According to preliminary numbers released Friday by the Florida Department of Economic Opportunity, the county’s jobless rate last month dropped three-tenths of 1 percent, from 5.5 to 5.2 percent.
The unemployment rolls shed 18 people, dropping from 301 to 283 people in search of work. This decrease in unemployment occurred as the workforce shrank by 52 people, from 5,514 to 5,462. The current work force comprises 46 fewer workers than one year ago, when it comprised 5,508 workers and the jobless rate was sharply higher, at 6.6 percent.
Franklin County’s August jobless picture, tied with St. John’s County, placed it just a few notches behind Monroe County, at 4.1 percent, Walton at 4.1 percent and Okaloosa, at 4.7 percent. Many of the counties with the lowest unemployment rates have relatively high proportions of government employment. Seasonal tourism also was a contributing factor.
Franklin had the lowest jobless rate in the tri-county Gulf Coast Workforce region, which averaged 6.2 percent in August, 1.6 percentage points lower than the region’s year ago rate of 7.8 percent, and 0.8 percentage points below the August 2013 state rate of 7.4 percent.
Bay County’s jobless rate fell from 6.5 to 6.3 percent, while Gulf County’s dropped from 7.1 to 6.9 percent. Out of a labor force of 102,665, there were 6,661 unemployed Gulf Coast residents. Out of a labor force of 100,826, there were 6,300 unemployed Gulf Coast residents.

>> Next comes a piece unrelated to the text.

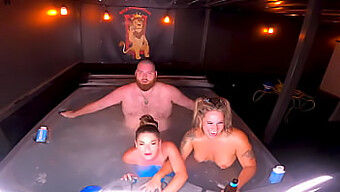 Kendra Heart Dan Misty Meaner Menikmati Threesome Yang Seksi Di Kolam Renang Yang Panas.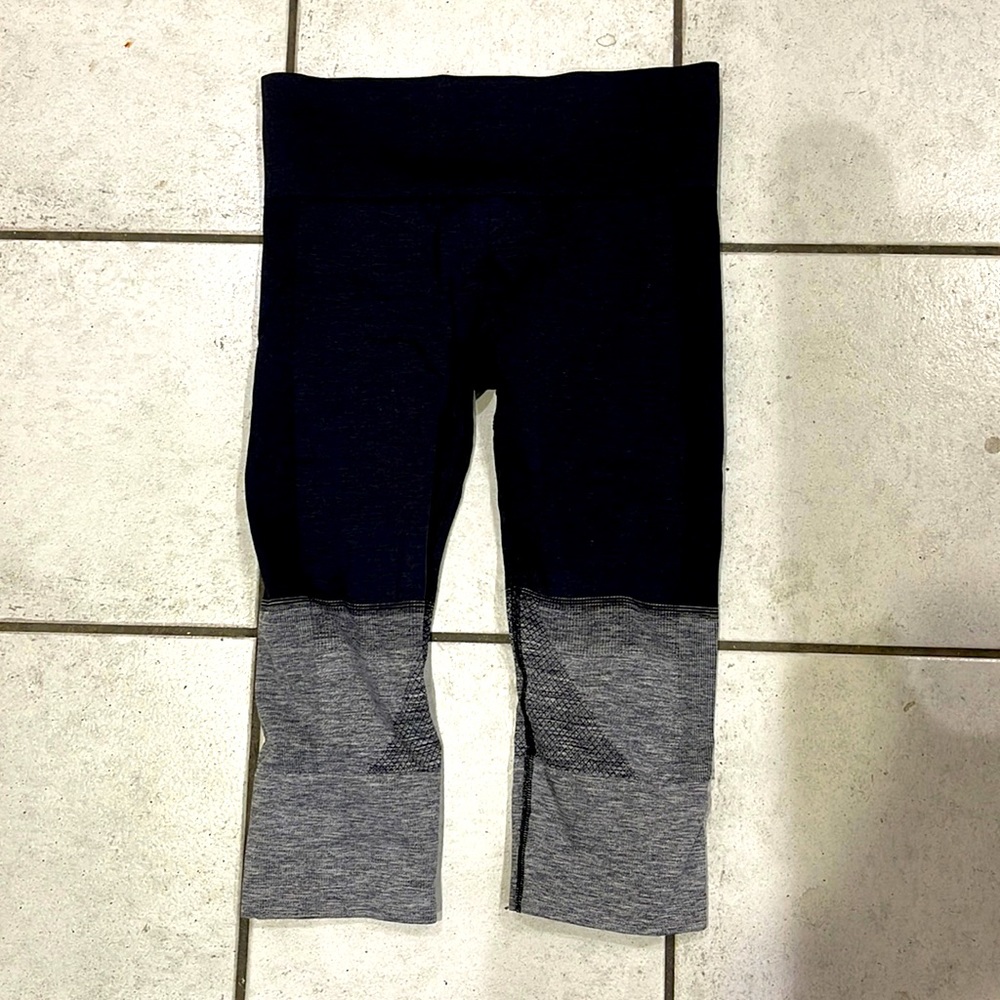 Lululemon compression black and grey cropped legging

“We are excited that our unemployment rate keeps dropping, and we look forward to next month’s numbers where we will begin to see in these unemployment and job creation numbers the local economic impact of General Dynamics Information Technology opening their new call center in Lynn Haven,” Kim Bodine, executive director of the Gulf Coast Workforce Board.
The Panama City metro area lost the most jobs over the year and had the highest rate of job losses of all metro areas in Florida. The metro area also lost the most jobs in trade, transportation, and utilities; and leisure and hospitality.
“Keep in mind the data gathered for unemployment rates and job creates rates are collected using different agencies and different sample sizes, so it has been common for our area to see a seeming incongruence of these numbers and we have made our partner agencies aware that we don’t believe the job loss numbers year over year in tourism and hospitality and retail trade are accurate,” said Bodine.
“But if you look closer at the monthly change, we will normally see our metro area’s August jobs rise in the education and government sectors from July to August because of the school year beginning again, and we will notice a decrease in leisure/hospitality jobs because the tourism season begins to slow down.”